So why not pursue God this time, indeed?

It took a 62-year-old book to nudge me onto this track.

Aiden W. Tozer's "The Pursuit of God: The Human Thirst for the Divine" has been my midnight companion for three nights now (though unfortunately, not three consecutive nights). Still, each time I finished a chapter--vaguely anticipatory, barely conscious of a rising hope and excitement within me--I had the strangest, most delightful sensation that God was just getting started with me.

So here I am, getting ready for the fourth chapter tomorrow.

And all this running after has driven me to thirst for more. But this thirst, while enlivening me and egging me on, does not carry with it the sour edge of envy, nor the bitter aftertaste of regret, and not even the utter blandness of self-pity, nor any of the negative emotions that accompany unhealthy thirsts.

The spirit within me knows--this thirst is good. The pursuit of its quenching, better. The One who alone can quench: the best.

Let's drink up this Holy Week, shall we?

Friday, March 19, 2010

Good thing God let David rant almost as much as he raved...

...because otherwise, we might end up being scared of basic, heart-deep honesty before the God of truth, who doesn't change His mind and can never lie.

Times when we're flat-out scared. Or trying to hide our flaming hot red faces after realizing we have done something that a kind or wise person would not do. Or simply feeling low and needing a Father to say, Come here, child, sit beside me and rest your head on My shoulder. I have all the time that Eternity can hold.

Then, too, honesty is just as important when we're in foot-stomping, fist-clenching mode.

"This is just so unfair!"
"You did what???"
"I was first in line. Three hours ago. And this guy's trying to butt in."

And then there are times when our most eloquent speech is distilled into a sigh and a defeated shoulder shrug. Or into a worldess cry that echoes painfully from the depths of our souls.

He would understand. Because He sighed when He saw His Son tired. Divine eyes wept holy tears as His Son drew final breaths.

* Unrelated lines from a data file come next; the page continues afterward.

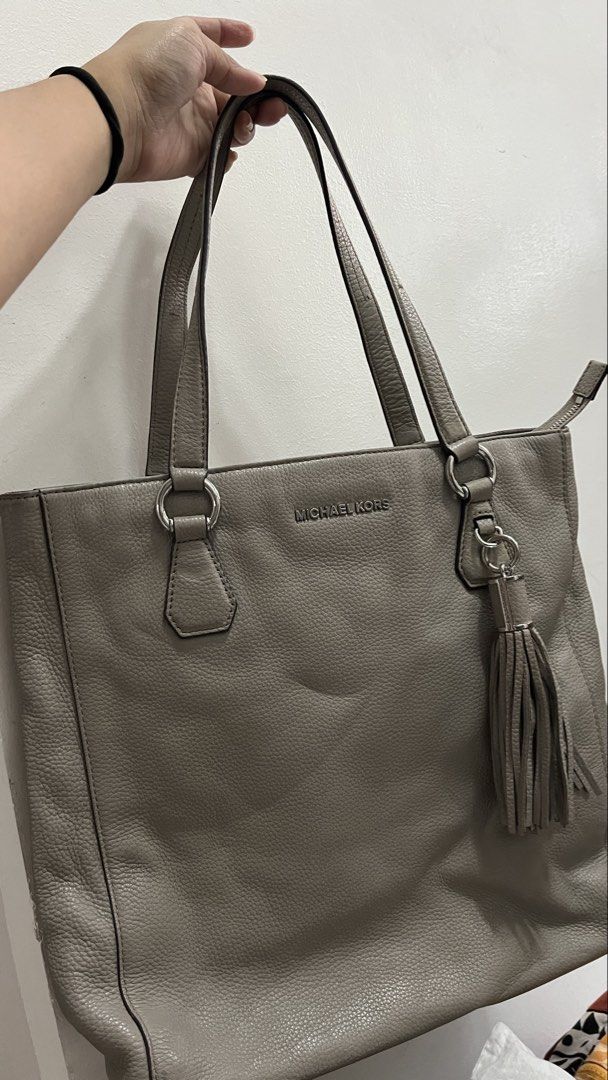 Michael Kors Bedford Tote Bag (Category: Tote Bags) located in Cavite. Submitted by clarebearxx (Listing ID 1466276699, Image 1). Description: A grey pebbled leather Michael Kors Bedford Tote Bag, highlighted by a matching removable leather tassel charm and polished silver-tone ring attachments. About the item: 📌 Personal bought by my aunt from Canada Outlet 📌 used item but well taken cared of but expect signs of usage 📌 with tag inside Mode o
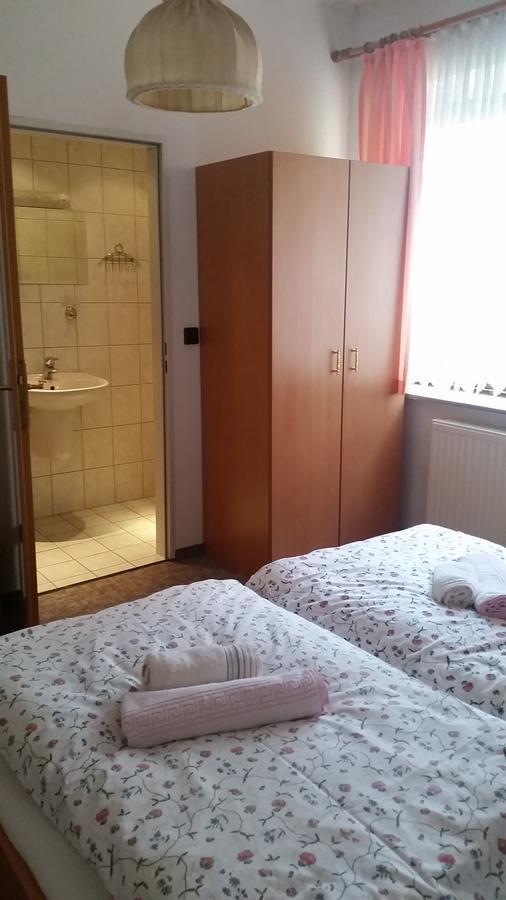 Pension Und Restaurant Die Burg Ehrenfriedersdorf Dış mekan fotoğraf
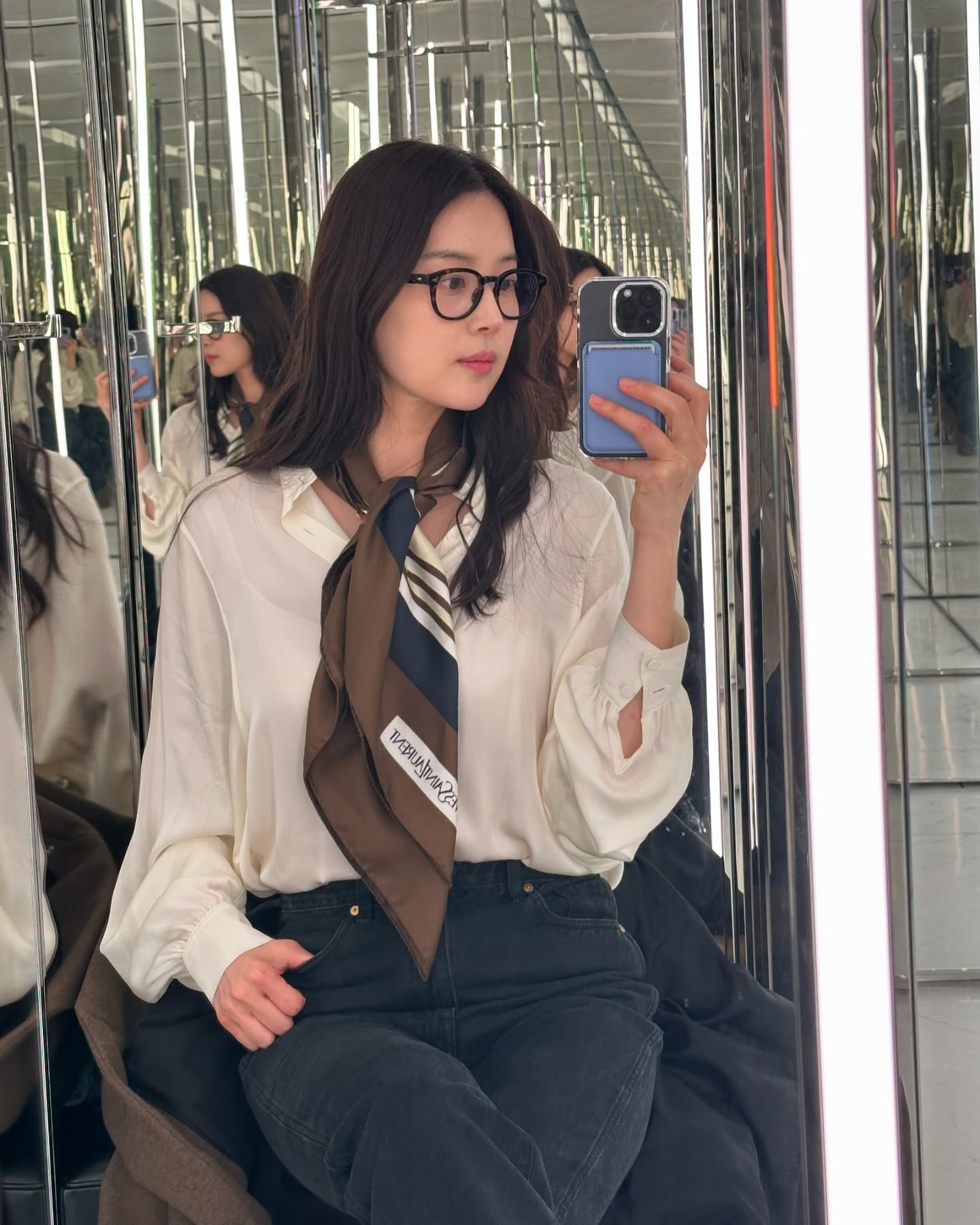 세련미 UP✨셀럽들의 스카프 3

봄 코디하면 떠오르는 아이템, 스카프는 코디에 세련미를 더해줄 뿐만 아니라 포인트템 역할도 톡톡히 하는데요. 선물용으로도 좋은 스카프는 한 번 구매하면 다양한 스타일에 활용할 수 있어 꼭 추천하는 패션 아이템이랍니다.

그래서 준비한 셀럽들이 선택한 스카프 3가지를 소개해드릴게요!
1. 김지원: 아비나펠르 - 롱 트윌리 실크 스카프 네이비
2. 한지혜: 생 로랑 - 스퀘어 실크 트윌 소재 스퀘어 스카프
3. 고소영: 로로피아나 - 트라이앵글 스카프 이미지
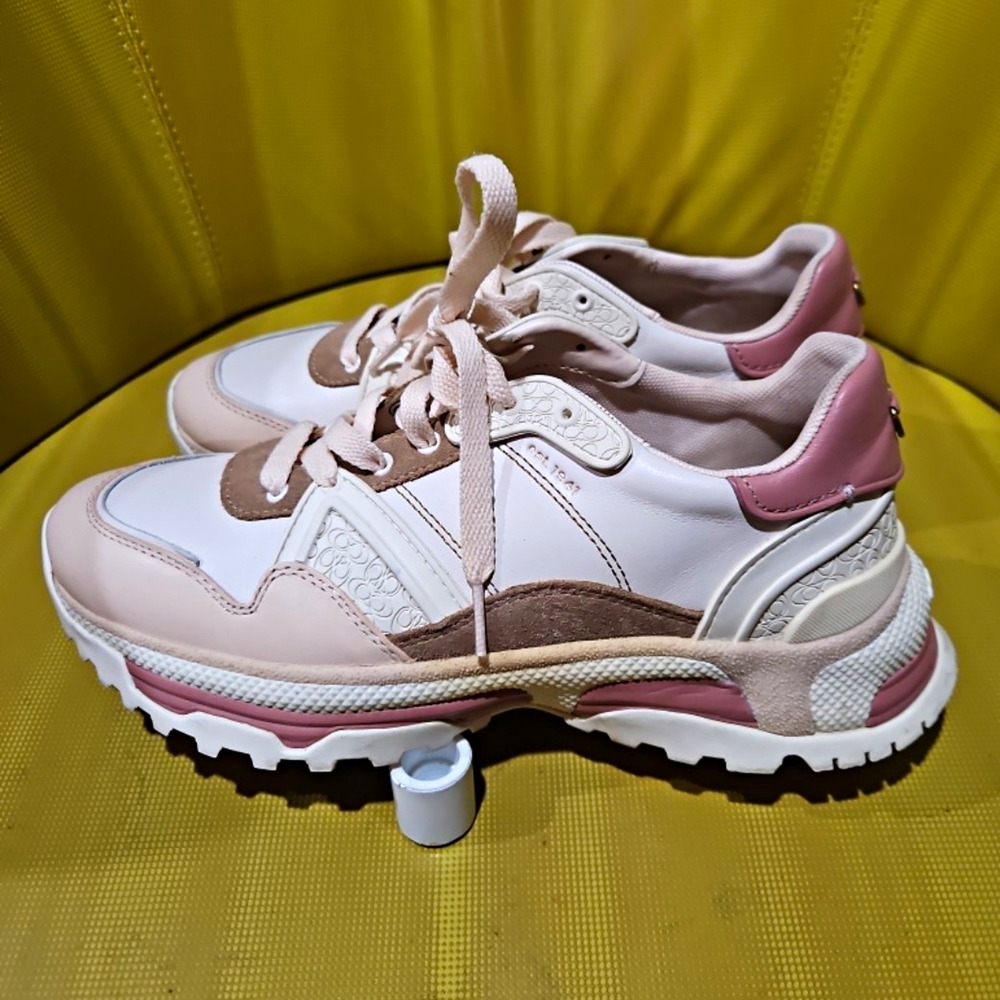 Coach women's Pink/White Leather Low Top Lace Up Sneakers US 9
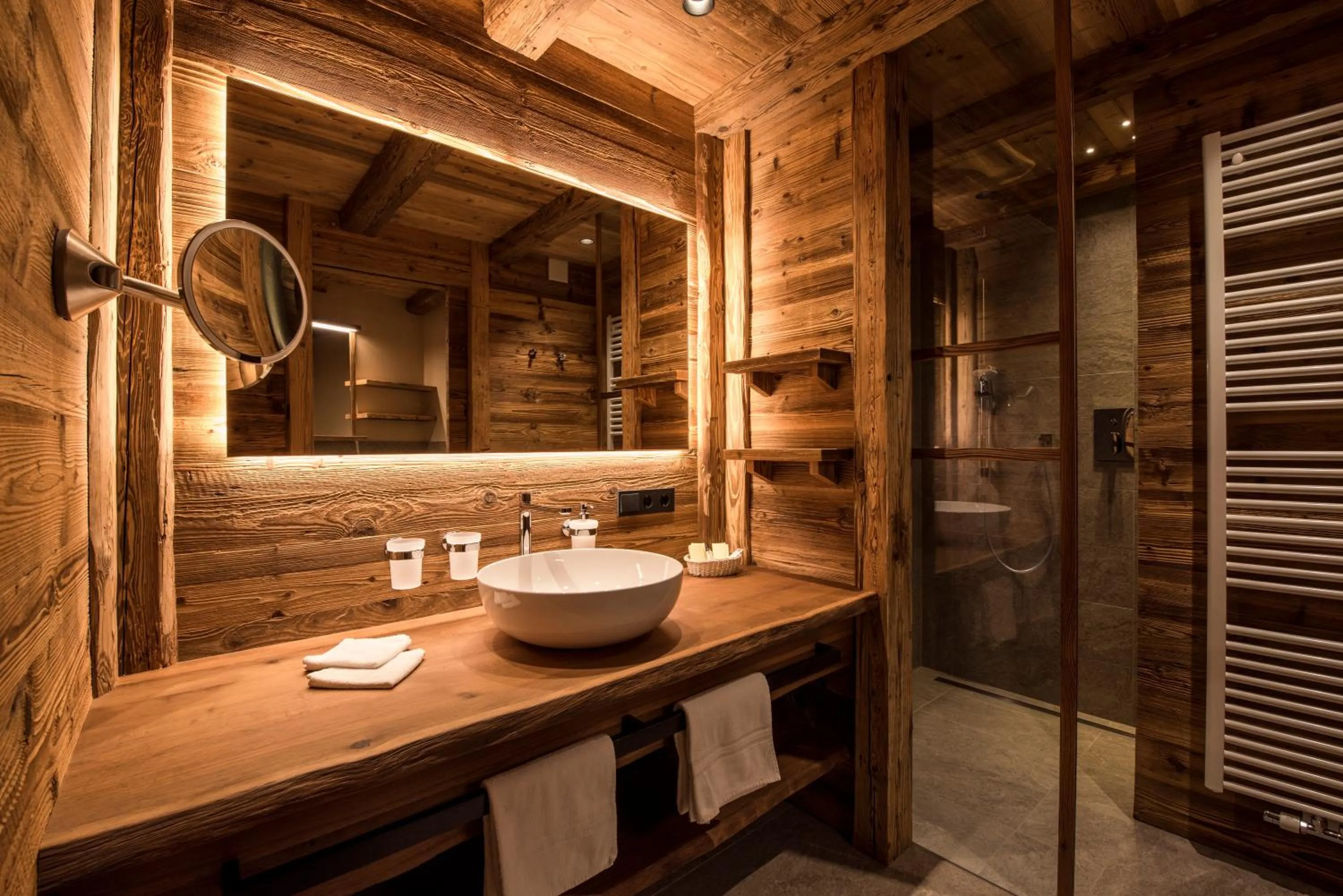 Bathroom in Charmehotel Uhrerhof - Deur
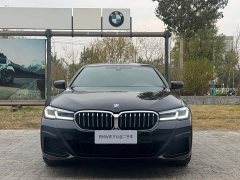 BMW 5 Series 525Li M Sport Package - ფოტო 3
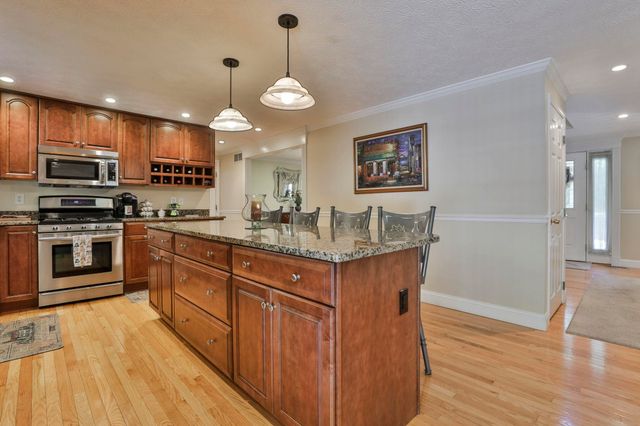 8 Joan Avenue, Hudson, NH 03051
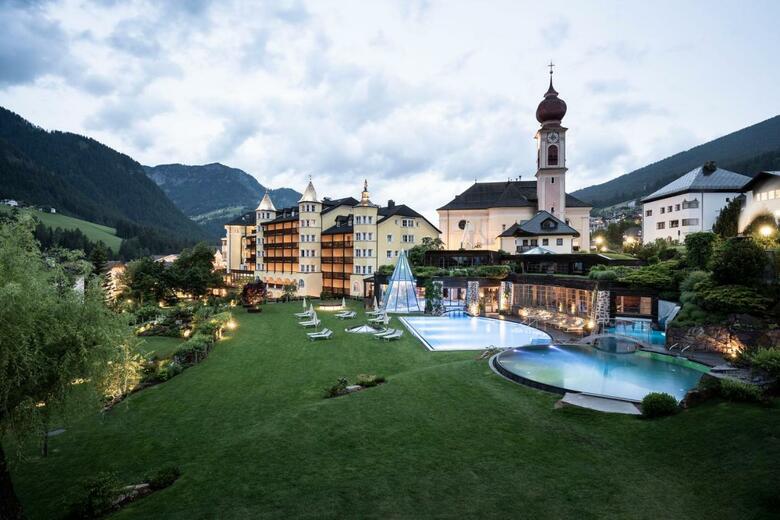 Hotel Adler Dolomiti Spa & Sport Resort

Then again, because David did rave, too, we can confidently eschew false dignity and bloated self-importance and simply jump and dance when heaven has given us reason to do so.

Such as when, after a with-bated-breath look, a pregnancy test stick finally shows the shy pink second line. Or a relative stranger looks you straight in the eye and shakes your clammy hand as she says, "Congratulations, you're hired!". Or with sheer abandon you give a totally unselfconscious hug to someone you've hurt before, and with whom you have now made peace.

Look for those moments this week.

Whether you feel like sighing, stamping or singing, know that your most intimate audience of One is never shocked or surprised, just all eyes and ears. Always.